Every line of the listing belongs in your answer exactly as written; the images do not.

....................

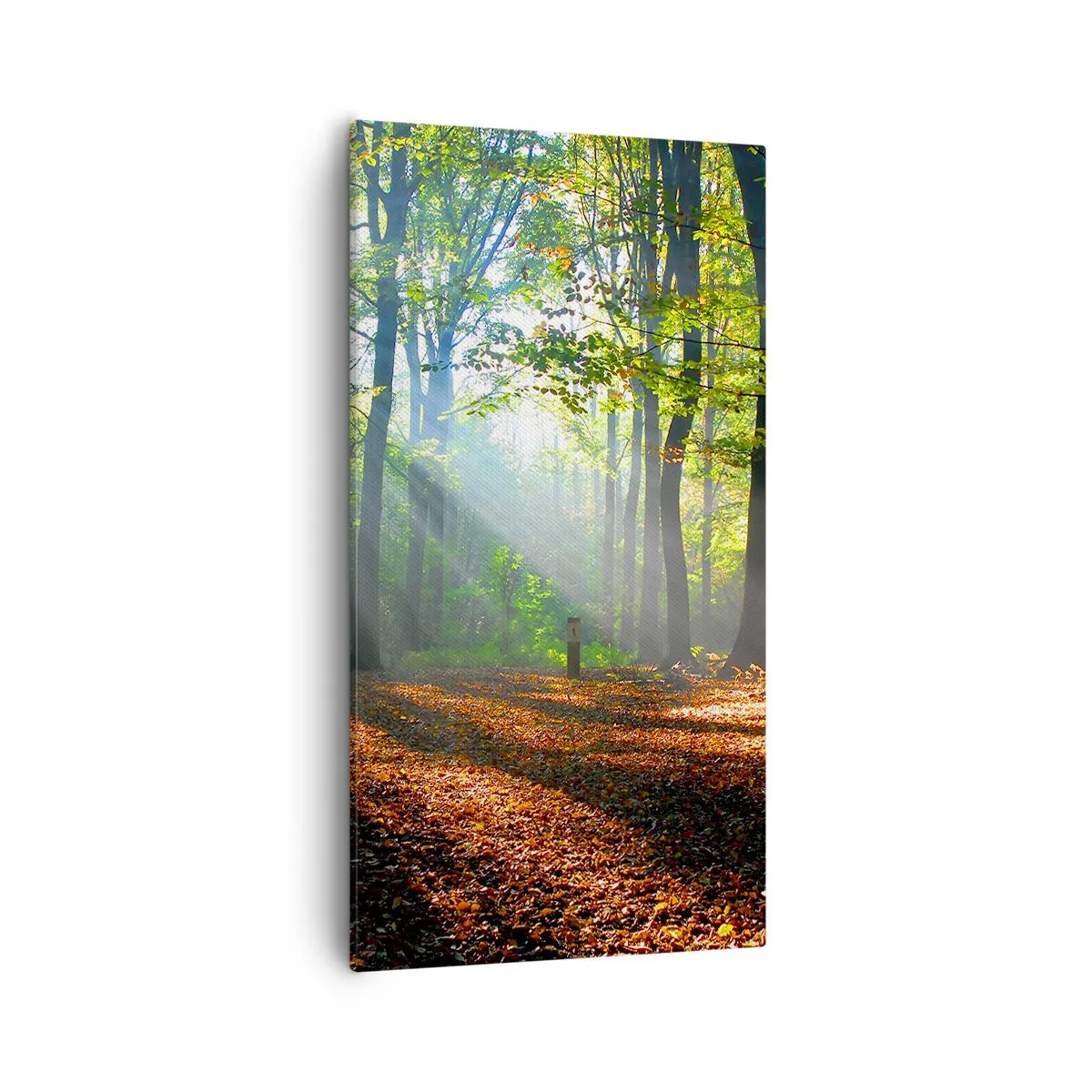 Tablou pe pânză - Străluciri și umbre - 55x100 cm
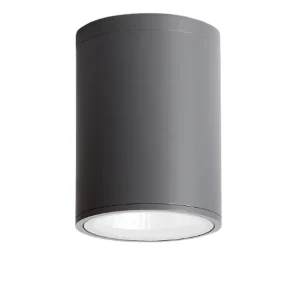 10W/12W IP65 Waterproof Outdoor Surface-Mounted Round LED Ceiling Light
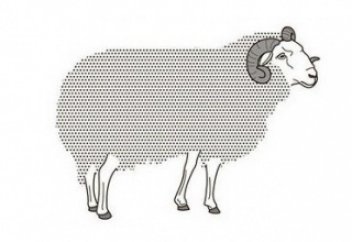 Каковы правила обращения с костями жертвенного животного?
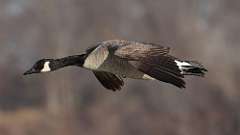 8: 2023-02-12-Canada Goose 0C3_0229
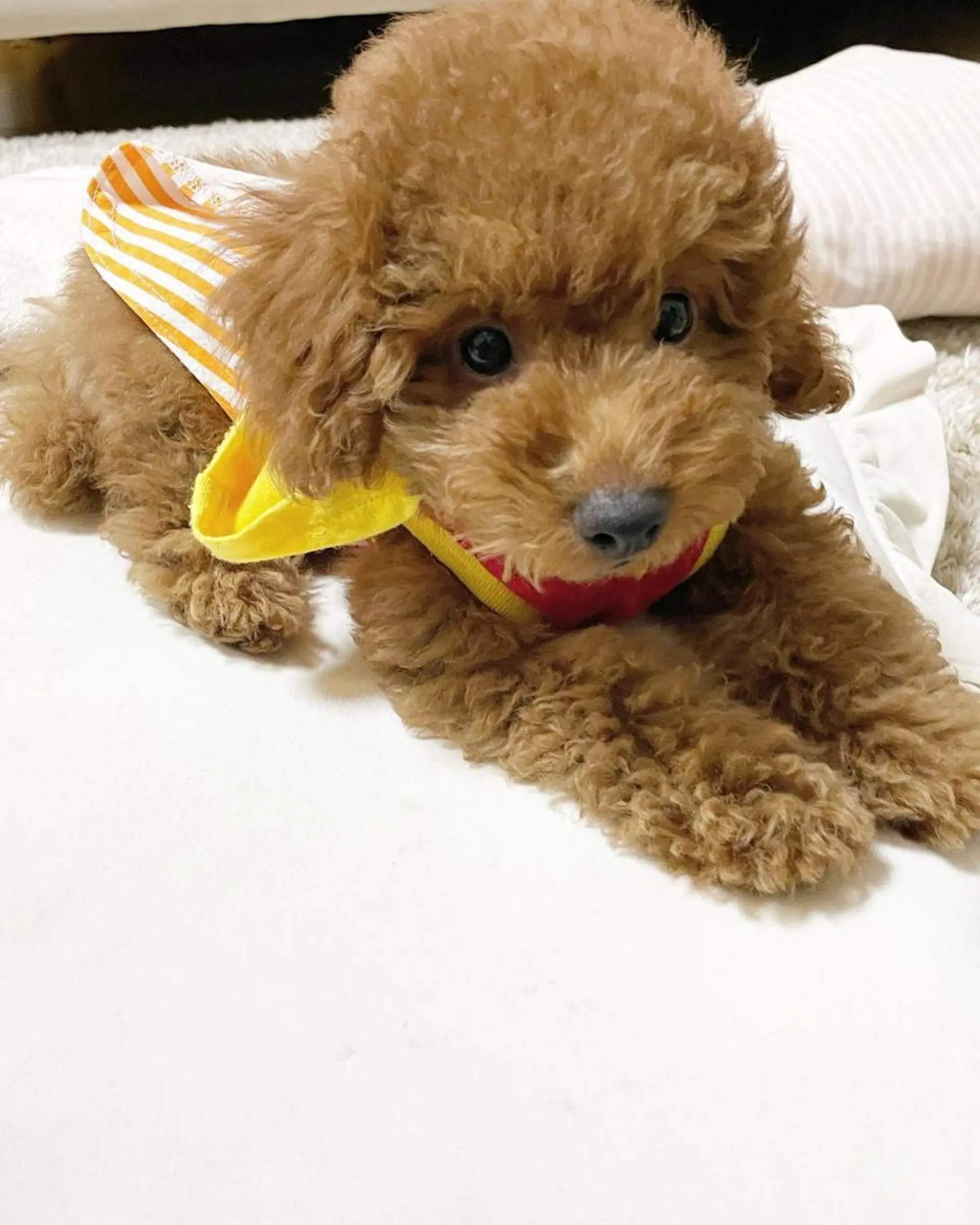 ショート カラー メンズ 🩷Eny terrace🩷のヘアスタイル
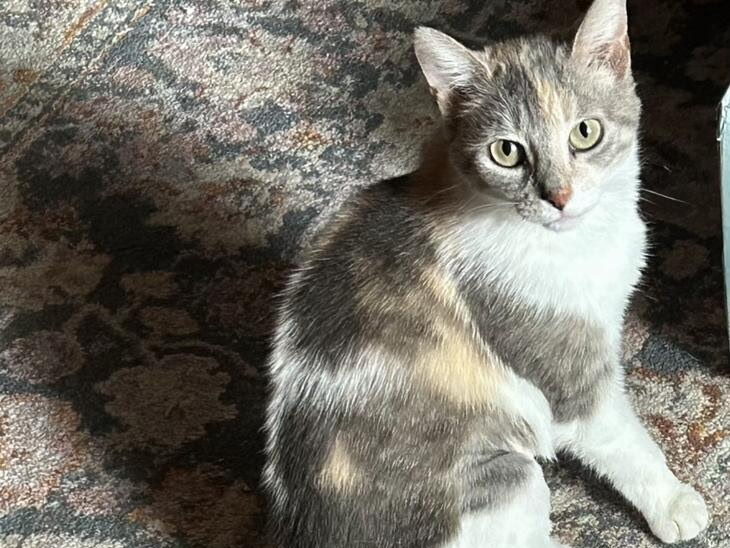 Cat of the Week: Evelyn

....................

Your response:
 Tablou pe pânză - Străluciri și umbre - 55x100 cm
 10W/12W IP65 Waterproof Outdoor Surface-Mounted Round LED Ceiling Light
 Каковы правила обращения с костями жертвенного животного?
 8: 2023-02-12-Canada Goose 0C3_0229
 ショート カラー メンズ 🩷Eny terrace🩷のヘアスタイル
 Cat of the Week: Evelyn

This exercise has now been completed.